In a statement, Sullivan said he was filled “with an intense sense of gratitude and thanksgiving” over learning that Newman would now be beatified.
“I have dedicated my vocation in praise of Cardinal Newman, who even now directs all my efforts,” Sullivan said in the statement, which was issued by Newman’s community, the Birmingham Oratory in Britain.
The Archdiocese of Boston, which investigated the cure and sent its findings onto the Vatican, said: “We are honored to have played some small part in this blessed announcement,” spokesman Terry Donilon said.
The Archbishop of Westminster, His Grace Vincent Nichols, who was instrumental in pushing the beatification cause forward, said Newman’s beatification would “help us greatly in the task of protecting the faith amidst the difficulties he foresaw so clearly.”
McFarland said Newman’s conversion was “the logical end to his exploration” into the origins of the church.
At the time, there was a sense of great loss within the Church of England, if not betrayal, that such a charismatic and brilliant figure had left for Rome.
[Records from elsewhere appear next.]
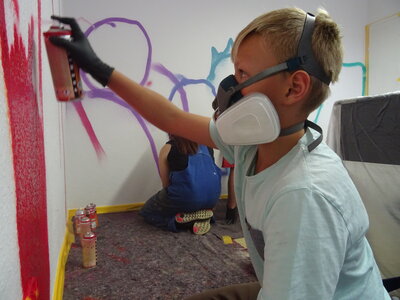 Foto des Albums: Aktionstag mit BeNeR1: Graffiti_2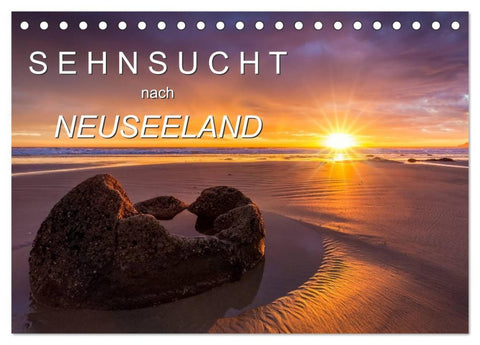 Sehnsucht nach Neuseeland (Tischkalender 2026 DIN A5 quer), CALVENDO Monatskalender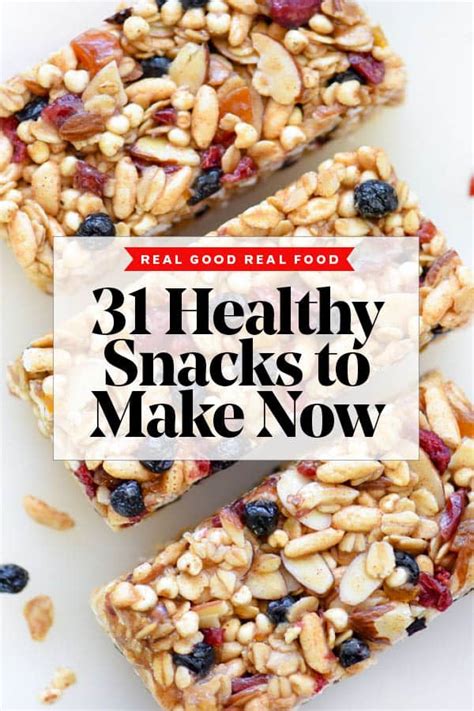 31 Days of Healthy Snack Recipes to Make Now - foodiecrush .com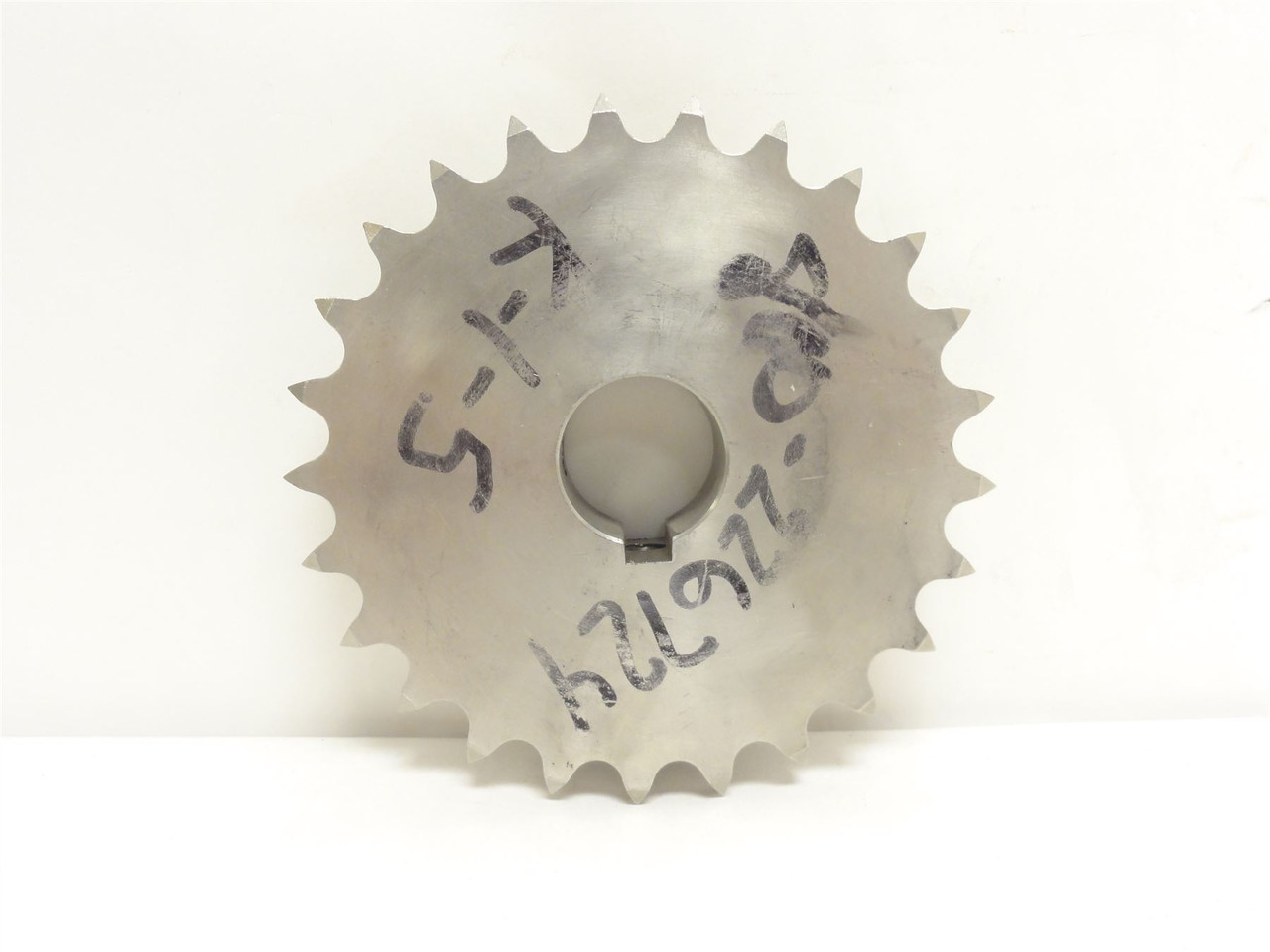 MFG- 40B25SS-1; Sprocket #40; SS; 25 Teeth; 1"ID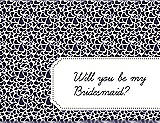 Front View Thumbnail - Amethyst & Ebony Will You Be My Bridesmaid Card - Petal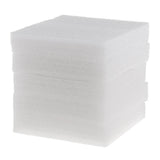 Maxbell 10 Pieces White Foam Needle Felting Pad Mat Wool Felt Accessories 15x20mm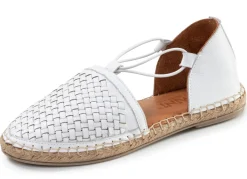 Gemini , trendige Damen-Slipper, Weite G, aus Leder WEISS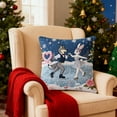 thumbnail image 5 of chaungfeng Christmas Decorations, Print Christmas Pillow Covers 18" x 18", with 8 Cute Patterns, Throw Pillow Covers for Home Christmas Decor, Soft Linen Material, 5 of 6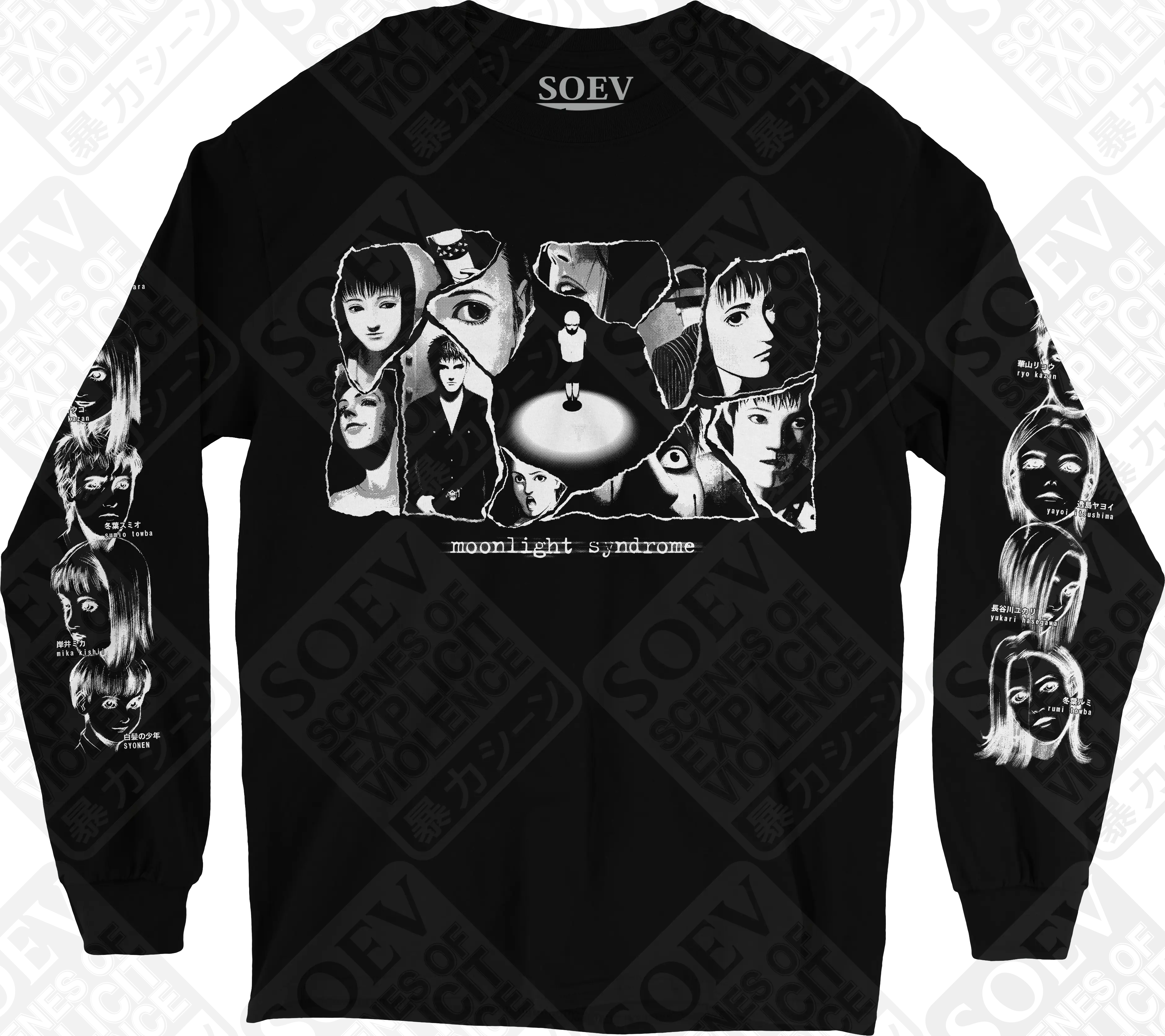 MOWDEI (Black / Long Sleeve T-Shirt) PRE-ORDER
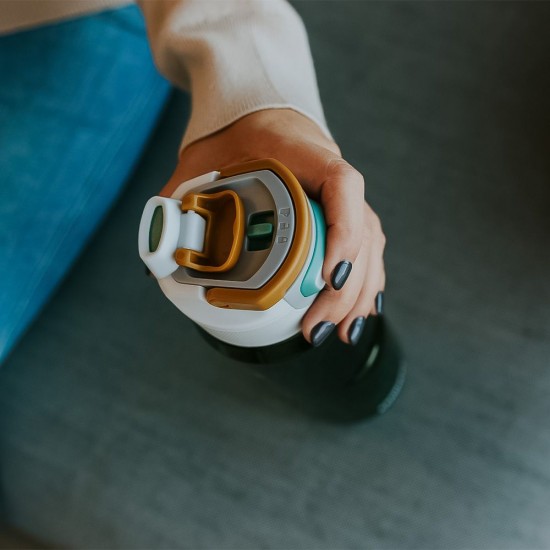 Пляшка для води 1 л тританова Kambukka Elton темно-зелений - 11-03033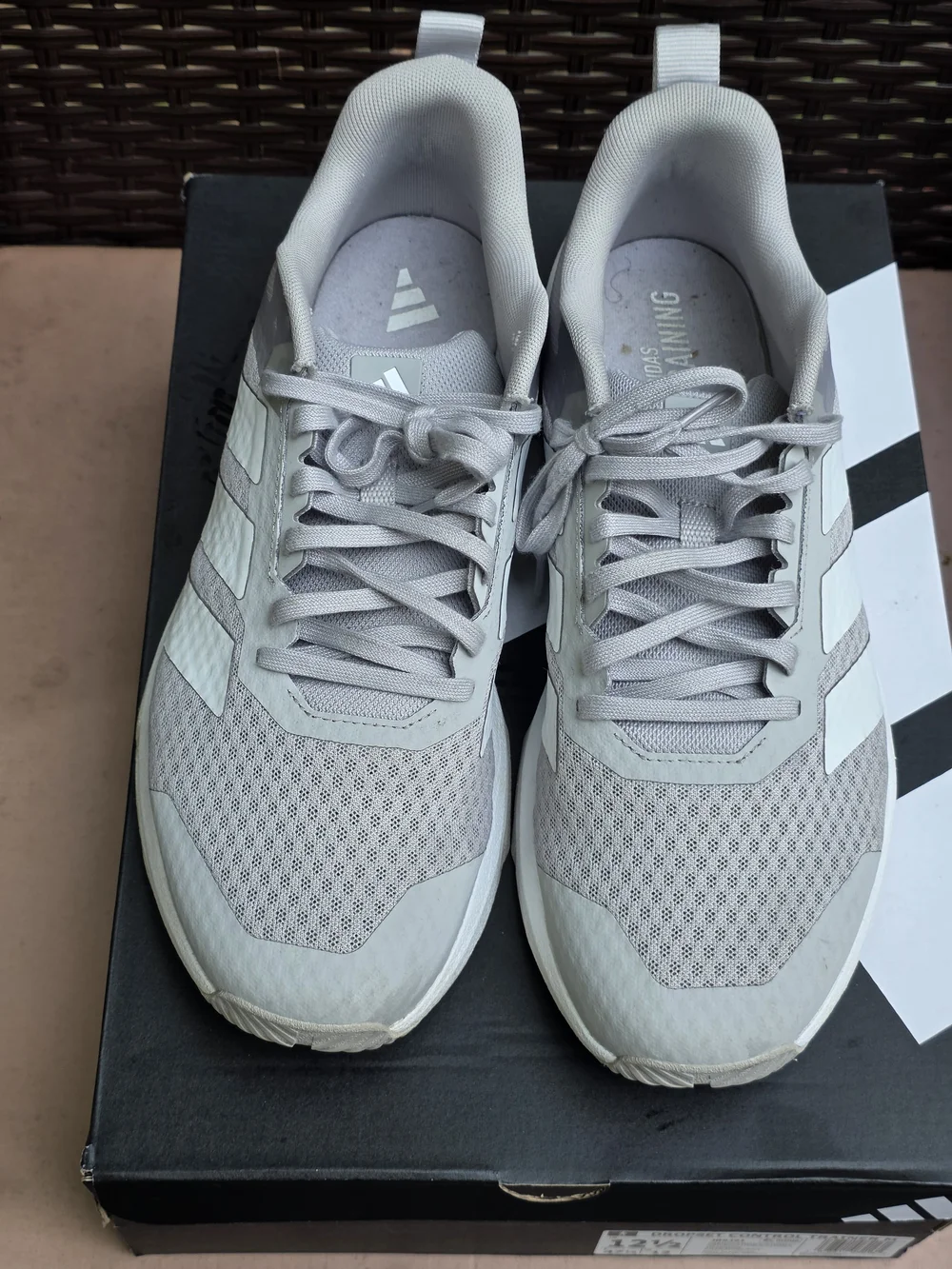 adidas Light Gray Athletic Running Shoes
But as Anglican-Catholic relations improved over time “there has been a joint claim to his extraordinary life as being important to both of our churches,” she said.
No date has been set for the beatification ceremony.
In addition to Newman, Benedict sent 11 other people along the path to possible sainthood Friday.
He confirmed that two Spanish priests were martyred during anti-Catholic persecution in Franco’s Spain the 1930s and that a German priest was killed for “hatred of the faith” in the Dachau concentration camp in 1942. He recognized the “heroic virtues” of another Dachau victim, the first step toward possible beatification.
According to the Vatican’s procedures, people who die as martyrs for the faith don’t need a miracle attributed to their intercession to be beatified. A miracle is needed to be canonized.